ClickHouse query error rate high: reading exception codes 241, 252, and 999

What this means

ClickHouse logs failed queries to system.query_log with type = ‘ExceptionWhileProcessing’ and a numeric exception_code. The FailedQuery counter in system.events increments for each failure. Keep the FailedQuery / Query ratio below 1%. A sustained climb above that threshold signals a systemic issue, not a few bad queries.

The codes that dominate production incidents fall into five classes.
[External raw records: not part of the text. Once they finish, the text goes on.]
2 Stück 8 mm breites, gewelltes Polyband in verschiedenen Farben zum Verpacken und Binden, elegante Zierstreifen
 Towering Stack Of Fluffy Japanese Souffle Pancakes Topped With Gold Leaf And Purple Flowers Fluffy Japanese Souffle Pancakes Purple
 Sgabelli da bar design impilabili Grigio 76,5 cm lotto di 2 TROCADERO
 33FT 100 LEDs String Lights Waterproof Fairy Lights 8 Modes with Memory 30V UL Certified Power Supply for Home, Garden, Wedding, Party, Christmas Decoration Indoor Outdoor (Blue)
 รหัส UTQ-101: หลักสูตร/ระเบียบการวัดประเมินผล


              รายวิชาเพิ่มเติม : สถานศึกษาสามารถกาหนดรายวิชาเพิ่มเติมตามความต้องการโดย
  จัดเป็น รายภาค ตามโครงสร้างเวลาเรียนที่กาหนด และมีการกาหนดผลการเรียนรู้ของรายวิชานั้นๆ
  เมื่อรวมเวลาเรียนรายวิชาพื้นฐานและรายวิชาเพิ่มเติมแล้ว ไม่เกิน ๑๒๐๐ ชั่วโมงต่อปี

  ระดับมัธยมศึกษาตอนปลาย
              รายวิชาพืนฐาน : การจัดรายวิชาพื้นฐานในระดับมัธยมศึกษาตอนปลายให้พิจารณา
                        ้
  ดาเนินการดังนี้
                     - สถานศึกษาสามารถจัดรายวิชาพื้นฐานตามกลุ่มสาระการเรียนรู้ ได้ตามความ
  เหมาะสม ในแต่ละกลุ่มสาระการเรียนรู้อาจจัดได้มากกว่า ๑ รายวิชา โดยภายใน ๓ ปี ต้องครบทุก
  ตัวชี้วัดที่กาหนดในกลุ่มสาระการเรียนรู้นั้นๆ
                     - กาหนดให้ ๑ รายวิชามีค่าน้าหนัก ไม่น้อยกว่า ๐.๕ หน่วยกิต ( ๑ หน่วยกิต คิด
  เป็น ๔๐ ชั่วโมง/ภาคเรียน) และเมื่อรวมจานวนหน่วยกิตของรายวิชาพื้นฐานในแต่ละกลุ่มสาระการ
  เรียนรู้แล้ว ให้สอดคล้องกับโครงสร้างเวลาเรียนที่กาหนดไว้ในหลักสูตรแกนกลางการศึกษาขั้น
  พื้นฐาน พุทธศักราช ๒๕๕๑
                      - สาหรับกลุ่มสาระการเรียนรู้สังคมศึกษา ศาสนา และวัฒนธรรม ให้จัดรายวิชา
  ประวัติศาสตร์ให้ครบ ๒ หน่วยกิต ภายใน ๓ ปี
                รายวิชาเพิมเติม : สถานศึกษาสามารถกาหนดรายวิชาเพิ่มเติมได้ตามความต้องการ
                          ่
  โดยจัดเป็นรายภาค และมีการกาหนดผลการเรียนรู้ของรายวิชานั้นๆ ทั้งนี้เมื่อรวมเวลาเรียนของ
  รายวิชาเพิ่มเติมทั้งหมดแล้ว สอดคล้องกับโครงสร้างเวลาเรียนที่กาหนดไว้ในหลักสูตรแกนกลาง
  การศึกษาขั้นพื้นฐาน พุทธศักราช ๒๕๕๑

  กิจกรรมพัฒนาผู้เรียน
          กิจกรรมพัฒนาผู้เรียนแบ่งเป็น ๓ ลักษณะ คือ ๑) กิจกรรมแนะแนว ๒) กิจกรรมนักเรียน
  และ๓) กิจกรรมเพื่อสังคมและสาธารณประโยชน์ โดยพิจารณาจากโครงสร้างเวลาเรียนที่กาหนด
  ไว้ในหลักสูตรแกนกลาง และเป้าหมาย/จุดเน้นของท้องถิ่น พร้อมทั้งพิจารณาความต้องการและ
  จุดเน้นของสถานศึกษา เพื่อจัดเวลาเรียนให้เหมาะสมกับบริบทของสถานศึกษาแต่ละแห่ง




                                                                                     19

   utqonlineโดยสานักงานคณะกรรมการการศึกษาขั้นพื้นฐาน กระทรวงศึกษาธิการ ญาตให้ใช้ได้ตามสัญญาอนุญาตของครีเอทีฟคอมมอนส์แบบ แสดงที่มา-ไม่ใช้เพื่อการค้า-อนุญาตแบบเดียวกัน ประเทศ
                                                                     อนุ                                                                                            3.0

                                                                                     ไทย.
  • 241 MEMORY_LIMIT_EXCEEDED
  • 252 TOO_MANY_PARTS
  • 159 read timeout on distributed queries (shard unavailable)
  • 999 / 210 ZooKeeper or network session errors
  • 60 / 81 schema drift or missing objects
flowchart TD
    A[Query error rate above 1 percent] --> B[Query system.query_log by exception_code]
    B --> C{Code 241}
    B --> D{Code 252}
    B --> E{Code 159}
    B --> F{Code 999 or 210}
    B --> G{Code 60 or 81}
    C --> H[Memory pressure or runaway query]
    D --> I[Merge crisis or too many parts]
    E --> J[Shard unavailable or network timeout]
    F --> K[ZooKeeper session loss or coordination failure]
    G --> L[Schema drift or missing table]

Common causes

CauseWhat it looks likeFirst thing to check
Runaway query or cache evictionCode 241 spike; MemoryTracking near server limitsystem.processes ordered by memory_usage
Merge debt or insert micro-batchingCode 252 spike; insert latency climbs before rejectionssystem.parts per partition; system.events RejectedInserts
Shard unavailable or slow replicaCode 159 spike on distributed tablessystem.replicas absolute_delay and queue_size on target shards
ZooKeeper / Keeper session lossCodes 999/210 spike; replicated tables become readonlysystem.zookeeper_connection is_expired; system.replicas is_session_expired
Schema drift after deployCodes 60/81 spike following a migrationsystem.distributed_ddl_queue status; query text in system.query_log

Quick checks

Run these read-only queries to classify the failure.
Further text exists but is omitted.